I have a code snippet which works great in Pandas, however my data size quite high and Pandas consumes a lot of memory. This is where I am trying to have a solution based on either PySpark or Koalas since both are Spark based and Highly scalable. Since I am new to Spark, I'm not sure how regex and replace strings can be optimized of this scale.
My Code snippet:
pd_dataset['details_trunc'] = pd_dataset['details'].str.replace(r'[0-9]+GB? ', '', regex=True, flags=re.IGNORECASE).str.replace(r'[0-9]+MB?P?S? ', '', regex=True, flags=re.IGNORECASE).str.replace(r'[0-9]+\s?mins? ', '',regex=True,flags=re.IGNORECASE).str.replace(r"\(.*\)","").str.split("$").str[0].str.split('-').str[0].str.replace(r"\b[0-9]+\b", '', regex=True).str.split('fr').str[0].str.split('ends').str[0].str.split(':').str[0].str.strip()

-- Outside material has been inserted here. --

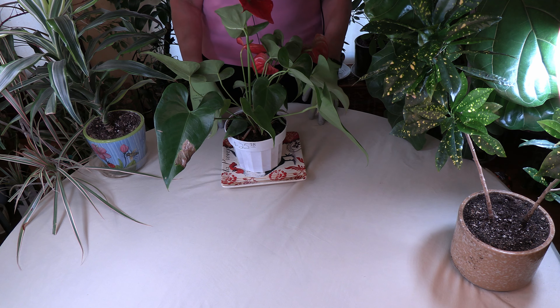Today I'm going to answer a viewer question which I actually get quite a bit. This one came from Arlene Wiggins, who asked: she just purchased a spider plant on sale from a big box store and it has brown spots on the leaves. Is there anything she can do to get rid of the brown spots?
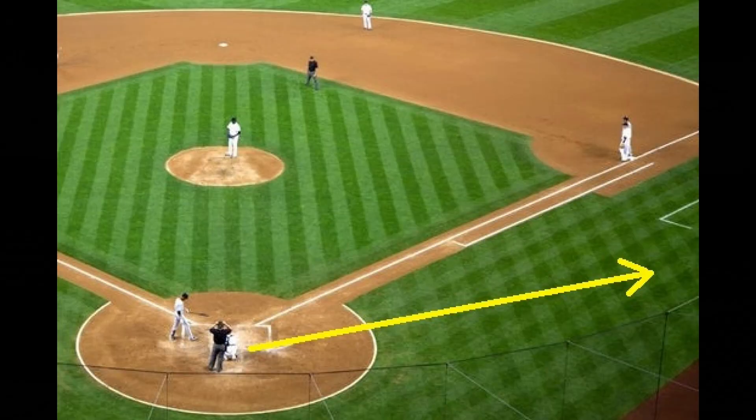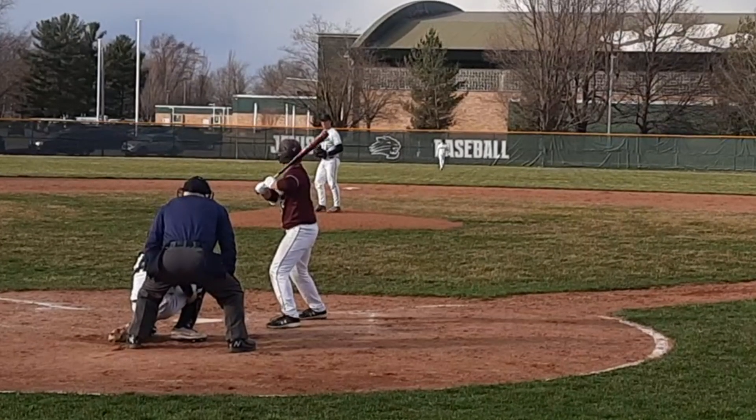This is how a catcher moves to back up a throw — he takes this angle. The umpire wants to get to this position, but if he takes the most obvious route, he will collide with the catcher and stop him from backing up in time.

pd_dataset['details_trunc'].replace(to_replace =r'Apple App Store.*$', value = 'Apple App Store', regex = True, inplace=True)
pd_dataset['details_trunc'].replace(to_replace =r'Google Play.*$', value = 'Google Play', regex = True, inplace=True)
pd_dataset['details_trunc'].replace('', 'NA', inplace=True)
EDIT 1
In Below table, details
is the input and details_trunc
is output
details_trunc | details | Class |
---|---|---|
Local Airtime Call Charge | Local Airtime Call Charge | AAB |
Local Airtime Call Charge | Local Airtime Call Charge | AAB |
Local Calls | Local Calls - Incoming 0.00 | AAB |
Local Calls | Local Calls - Outgoing 0.00 | AAB |
STD Call | STD Call - E STD 020 Call Mobile No. | AAB |
v019 Call | v019 Call - $0.66 | AAB |
v019 Call | v019 Call - $8.80 | AAB |
v019 Call | v019 Call - Mobile No. $0.92 | AAB |
v019 Call | v019 Call - Mobile No. $0.25 | AAB |
v019 Call | v019 Call - Mobile No. $1.84 | AAB |
IDD Call | IDD 001 Call - E Mobile No. | AAB |
IDD Call | IDD 001 Call - IDD 001 Call - S | AAB |
Roaming Incoming Call | Roaming Incoming Call 193813 | RRE |
Roaming Incoming Call | Roaming Incoming Call 204459 | RRE |
Roaming Incoming Call | Roaming Outgoing Call 000911 Int'l Call | ILL |
Roaming Incoming Call | Roaming Outgoing Call 000954 Int'l Call(S'pore) | INL |
Roaming Incoming Call | Roaming Outgoing Call 001447 Int'l Call(S'pore) | INL |
AutoRoam Rerouted IDD/STD Call | AutoRoam Rerouted IDD/STD Call - AutoRoam Rerouted IDD Call - D -(TSM: quantity set to 0 as counted under corresponding AutoRoam Call) | AAB |
Local Mobile Data/GPRS Data | Local Mobile Data/GPRS Data (1GB = 1024MB; 1MB = 1024KB) | AAB |
Local MMS | Local MMS (M1/StarHub) | BRQ |
SmartMessage | SmartMessage (Local) | BRQ |
Global SMS | Global SMS | AKK |
Global SMS | Global SMS | AKK |
If I correctly understood the first par replacement you could write it this way in pyspark :
from pyspark.sql import functions as F
df1 = df.withColumn(
"details_trunc",
F.split(
F.regexp_replace(
"details",
r"[0-9]+MB?P?S? |\(.*\)|[0-9]+\s?mins? |[0-9]+GB? |\b[0-9]+\b",
""
),
r"\-|fr|ends|:|\$"
)[0]
)
Basically, here the function regexp_replace
removes all corresponding matches. Then using split
by regex \-|fr|ends|:|\$
and get first element.
For the second part, you can use rlike
within when
expression:
df2 = df1.withColumn(
"details_trunc",
F.when(
F.col("details_trunc").rlike(r'Apple App Store.*$'), 'Apple App Store'
).when(
F.col("details_trunc").rlike(r'Google Play.*$'), 'Google Play'
).when(
F.col("details_trunc") == '', 'NA'
).otherwise(F.col("details_trunc"))
)
I haven't tested it for all cases but this is a good starting point on how you can rewrite your pandas logic into Pyspark.